# Question about Oak wood



## killerb468 (Feb 19, 2015)

My buddy does a lot of stainless stuff for huge commercial businesses, with that said he has been bringing me home for the past year 3"x4" oak runners for pallets. They are clean no metal in them, no bark, they are straight from the saw mill. The runners are wihte and red oak, very few knots in them. so for the question.

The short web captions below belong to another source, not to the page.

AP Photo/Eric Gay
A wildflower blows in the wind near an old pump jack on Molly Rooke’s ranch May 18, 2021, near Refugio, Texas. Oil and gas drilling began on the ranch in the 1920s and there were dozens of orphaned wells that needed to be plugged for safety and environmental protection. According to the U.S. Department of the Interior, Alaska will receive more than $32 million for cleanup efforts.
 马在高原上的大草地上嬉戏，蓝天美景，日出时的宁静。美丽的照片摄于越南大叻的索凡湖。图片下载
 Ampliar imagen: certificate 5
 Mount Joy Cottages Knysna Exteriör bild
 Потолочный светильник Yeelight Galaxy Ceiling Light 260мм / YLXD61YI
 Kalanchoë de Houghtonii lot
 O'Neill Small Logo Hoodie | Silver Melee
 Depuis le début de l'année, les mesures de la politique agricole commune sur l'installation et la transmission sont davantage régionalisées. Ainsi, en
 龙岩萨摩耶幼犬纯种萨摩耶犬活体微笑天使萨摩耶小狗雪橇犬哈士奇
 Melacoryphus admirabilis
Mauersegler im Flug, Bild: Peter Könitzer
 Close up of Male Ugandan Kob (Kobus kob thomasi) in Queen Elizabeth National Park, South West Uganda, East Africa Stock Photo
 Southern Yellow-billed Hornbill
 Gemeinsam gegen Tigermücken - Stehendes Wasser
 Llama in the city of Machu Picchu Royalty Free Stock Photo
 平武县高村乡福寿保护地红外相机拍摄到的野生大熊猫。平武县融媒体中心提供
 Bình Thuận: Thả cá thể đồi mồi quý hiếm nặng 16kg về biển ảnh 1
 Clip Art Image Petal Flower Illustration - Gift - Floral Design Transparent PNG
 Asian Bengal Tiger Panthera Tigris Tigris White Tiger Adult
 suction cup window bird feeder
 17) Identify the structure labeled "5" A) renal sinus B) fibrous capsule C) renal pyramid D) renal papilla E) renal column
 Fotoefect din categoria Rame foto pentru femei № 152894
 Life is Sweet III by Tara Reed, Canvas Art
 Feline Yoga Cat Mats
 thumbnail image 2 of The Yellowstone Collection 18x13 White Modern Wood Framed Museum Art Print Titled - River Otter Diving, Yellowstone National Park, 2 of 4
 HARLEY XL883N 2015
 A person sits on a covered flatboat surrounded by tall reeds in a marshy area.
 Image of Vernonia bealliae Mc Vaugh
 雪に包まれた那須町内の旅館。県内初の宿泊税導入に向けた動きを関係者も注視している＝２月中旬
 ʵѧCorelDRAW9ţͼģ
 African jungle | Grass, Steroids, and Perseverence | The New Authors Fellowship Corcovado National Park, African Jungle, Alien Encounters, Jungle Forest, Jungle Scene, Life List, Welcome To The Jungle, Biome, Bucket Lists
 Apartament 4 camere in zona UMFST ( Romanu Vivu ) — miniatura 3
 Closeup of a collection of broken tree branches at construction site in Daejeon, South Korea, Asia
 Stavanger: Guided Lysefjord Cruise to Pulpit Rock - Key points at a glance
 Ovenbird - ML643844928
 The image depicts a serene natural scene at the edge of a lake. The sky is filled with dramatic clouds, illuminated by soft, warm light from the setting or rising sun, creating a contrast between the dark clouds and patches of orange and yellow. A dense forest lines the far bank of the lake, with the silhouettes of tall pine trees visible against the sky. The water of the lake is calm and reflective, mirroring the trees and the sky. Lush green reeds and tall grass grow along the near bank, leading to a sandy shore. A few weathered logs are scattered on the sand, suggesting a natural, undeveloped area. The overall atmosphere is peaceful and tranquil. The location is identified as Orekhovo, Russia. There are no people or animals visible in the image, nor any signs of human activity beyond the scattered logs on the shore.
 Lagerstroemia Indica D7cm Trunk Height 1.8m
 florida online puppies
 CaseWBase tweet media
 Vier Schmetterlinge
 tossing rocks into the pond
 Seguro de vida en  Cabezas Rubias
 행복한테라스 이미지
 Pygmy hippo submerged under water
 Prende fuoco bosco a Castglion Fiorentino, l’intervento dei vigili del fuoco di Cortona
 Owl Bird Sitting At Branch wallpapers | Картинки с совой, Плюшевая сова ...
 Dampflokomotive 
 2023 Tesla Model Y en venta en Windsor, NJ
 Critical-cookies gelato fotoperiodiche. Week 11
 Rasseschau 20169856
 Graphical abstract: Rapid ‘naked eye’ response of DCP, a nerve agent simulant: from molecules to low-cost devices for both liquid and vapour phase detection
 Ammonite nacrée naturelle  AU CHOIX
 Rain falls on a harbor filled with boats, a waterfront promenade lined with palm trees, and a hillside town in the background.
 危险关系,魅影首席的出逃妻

Can I use these as my base fuel in my smoker? I have been using them in my wood stove for the house and for fires in the deck pit, just thought hey I could use it for that as well.


----------



## t-l-k (Feb 19, 2015)

The company I work for gets sheet metal on pallets made of 3x4 oak post as well.  I've been using then in my smoker without any problems. No off flavors. I just make sure to let them age a few months before using to make sure they are good and dry.


----------



## gary s (Feb 19, 2015)

Good advice, Oak is a great smoking wood, Be sure and let it season, most of the pallets are pretty green

Gary


----------



## killerb468 (Feb 19, 2015)

Thanks Fellas, I hate to let good hard woods go up in smoke, glad to know others have used as well. These are great chunks of would, I can get a full cord worth of scrap every week. The length's I get are no less then 30" and no longer then 6'.Cut to 16" have some chunks and spit the 16's once or twice depending on how I want the fire to react.


----------